A few weeks ago, at the Dark Knight shooting in Aurora, Colorado, there were a number of media stories about Jamie Rohrs who went to see the movie with his girlfriend and their two children.
When the shooting started, he tried to retrieve his son but eventually jumped over the balcony and fled. “It just felt like the worst thing ever because my son’s still in there,” he told ABC News. “My girlfriend is still in there. I’m out here. Who leaves their child there?”
Rohrs got a lot of flack in the press and from bloggers for being a coward, especially since another man, 19-year-old Jarrell Brooks, stepped in and helped his girlfriend and children to safety (getting shot in the leg in the process).
Obviously, this was a surreal and unusual crisis, and it’s not really fair to conjecture – sitting safe at home — whether we would have behaved more courageously in the same circumstances.

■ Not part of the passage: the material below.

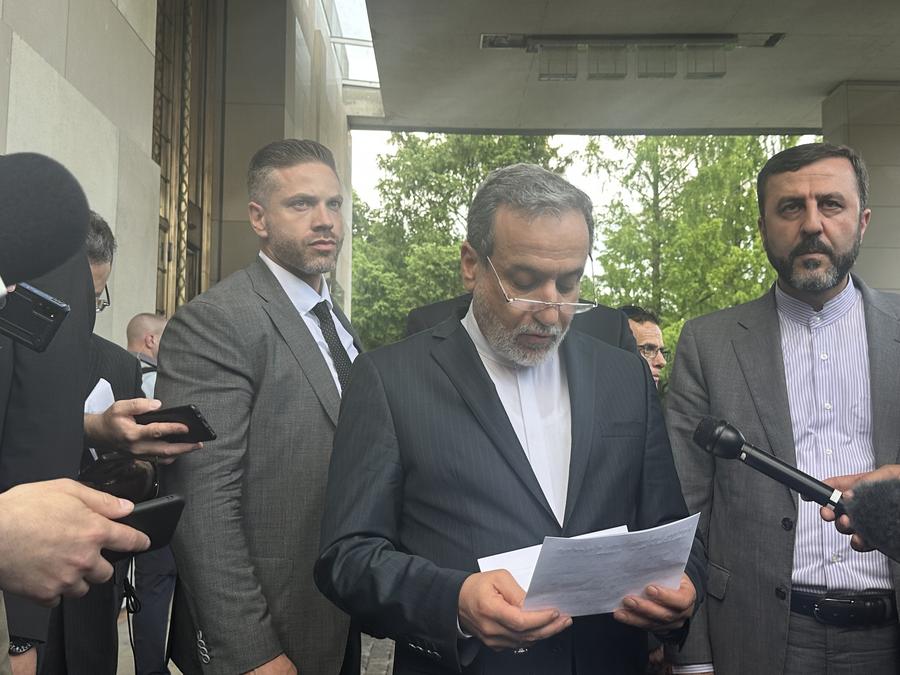 Le ministre iranien des Affaires étrangères met en garde le groupe E3 contre toute réactivation des sanctions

In the heat of the moment, rational thinking goes out the window, unless you’ve prepared in advance. That’s why the US military has a six-article code of conduct providing soldiers with guidelines on how to behave during times of war, in case of capture and interrogation, for example. And the Navy SEALs have long had an unwritten code: “leave no man behind,” dead or alive. That means, even under hot pursuit by the enemy, if any of their men fall, they waste no time in waffling or debate, they go back. Pretty unambiguous.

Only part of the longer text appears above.